Srila Prabhupada at Bhaktivedanta Manor in 1973
Yesterday I wrote about daughters, airports and train stations. Today I want to stay with the big spaces theme.
Anyone who was a devotee of Krishna in the 1970s will remember the heightened level of expectancy a day or two before a visit from Srila Prabhupada. When His Divine Grace visited, your temple had to be clean, tidy, repaired, freshly painted, and generally looking its best. Anyone who was anyone – and anyone else – was invited to come and meet the pure devotee of Lord Krishna. You’d hear the time he was due to arrive and then, an eternity later, the cry went up: “Prabhupada is here!”
If that same cry went up today and Srila Prabhupada were to appear physically before us all in London, not even the 80,000 seater Wembley Stadium would be big enough to accomodate all those who would come for his darshan. Srila Prabhupada gave Krishna to the world and Krishna brought thousands to his lotus feet. Now those thousands have swelled to a vast international multitude.
We have our fair share of the multitude here at the Bhaktivedanta Manor. Around 30,000 come every year for Janmasthami, the largest event of its kind outside India. For many years, due to Srila Prabhupada being born the day after the appearance of Lord Krishna, his own appearance day celebrations have been somewhat modest affairs by comparison. Perhaps 150-200 devotees gather in the temple room or a specially erected tent in the grounds.
This year Srila Prabhupada’s Vyasa Puja celebration falls on the Bank Holiday Monday, which means that huge crowds are expected on that day too. So we’ve planned for the festival to be held in the big main tent with seating capacity of a mere 1,000. I am specially sensitive to the needs of us as disciples to have a celebration where we can all read our Vyasa Puja offerings (the short eulogies and poems written for the occasion of his blessed appearance in this world) and that an uplifting atmosphere of intimate reverence be preserved.
But I am also conscious of the fact that Srila Prabhupada belongs to everyone and that a Vyasa Puja in the 21st century deserves to be a much bigger affair.

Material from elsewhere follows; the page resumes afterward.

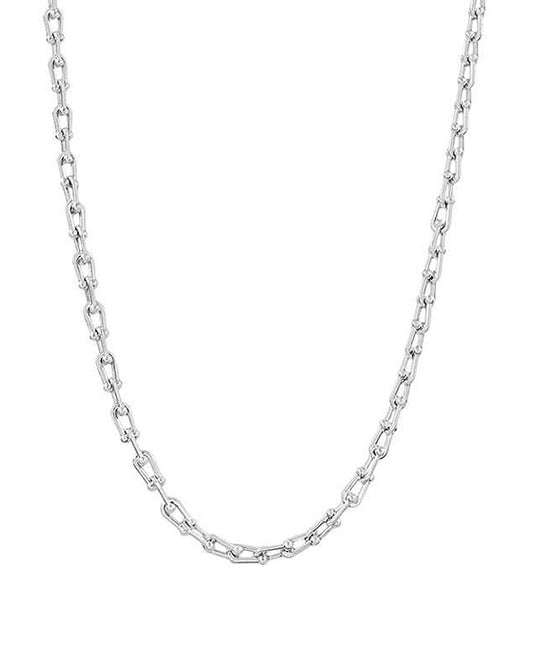 U-Shape Chain Linked Necklace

How to accomplish that without devotees feeling that something has been lost? Well, that is the challenge. I hope that we can accomplish it this year. We’ll be bringing Srila Prabhupada from the temple over to the big top tent just after guru puja, then offering him the international Vyasa Puja book while continuing kirtan. There’ll be two screens showing a subtitled class, then the personal readings will begin. Representatives from the different communities and teams making up the congregation will all have a chance to say something about the way His Divine Grace has touched their lives.